Materials provided
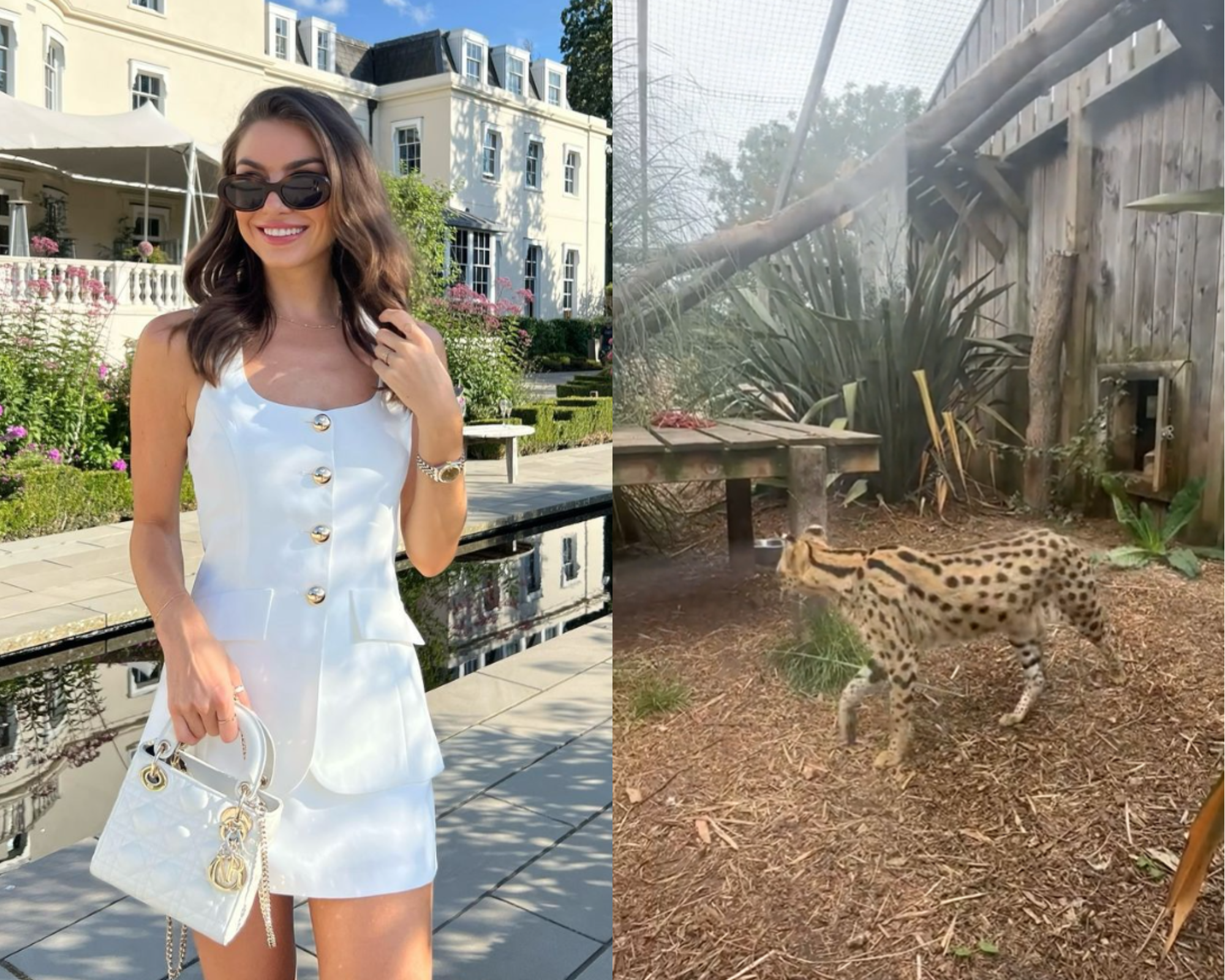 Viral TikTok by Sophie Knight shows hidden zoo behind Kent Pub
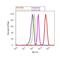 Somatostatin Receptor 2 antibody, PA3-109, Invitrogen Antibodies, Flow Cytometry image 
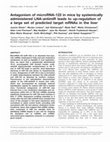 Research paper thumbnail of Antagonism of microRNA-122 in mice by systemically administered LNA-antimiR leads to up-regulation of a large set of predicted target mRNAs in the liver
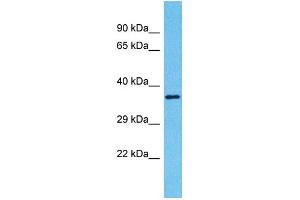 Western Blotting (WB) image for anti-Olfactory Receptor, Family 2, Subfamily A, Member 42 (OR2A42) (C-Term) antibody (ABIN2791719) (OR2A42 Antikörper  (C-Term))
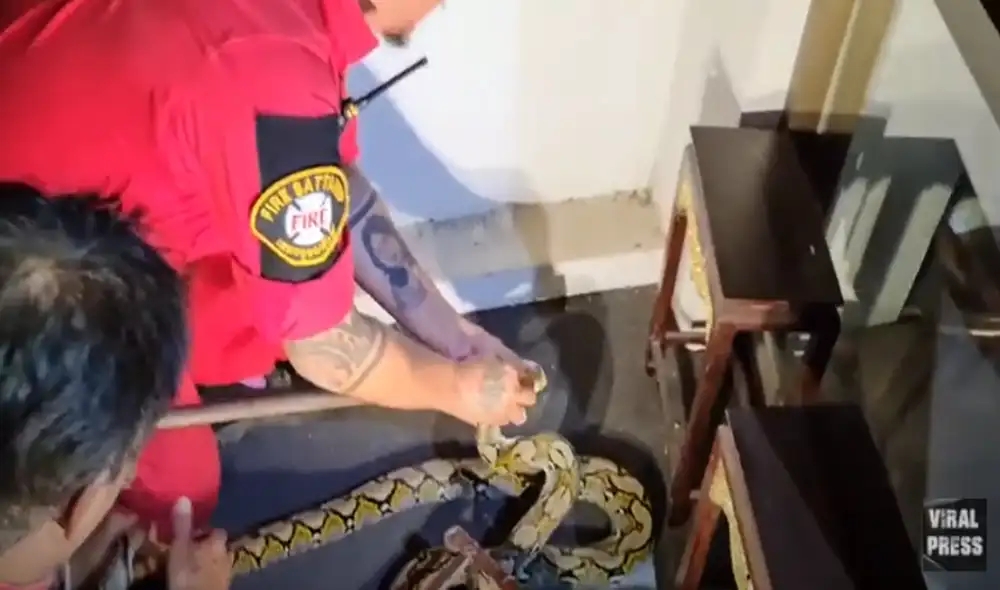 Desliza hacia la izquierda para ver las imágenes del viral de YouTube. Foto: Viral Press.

What is required
Go down the entries above from the line containing "Somatostatin Receptor 2" to the line containing "Research paper thumbnail" and write out each line exactly, leaving pictures out.

Solved exercise
 Somatostatin Receptor 2 antibody, PA3-109, Invitrogen Antibodies, Flow Cytometry image 
 Research paper thumbnail of Antagonism of microRNA-122 in mice by systemically administered LNA-antimiR leads to up-regulation of a large set of predicted target mRNAs in the liver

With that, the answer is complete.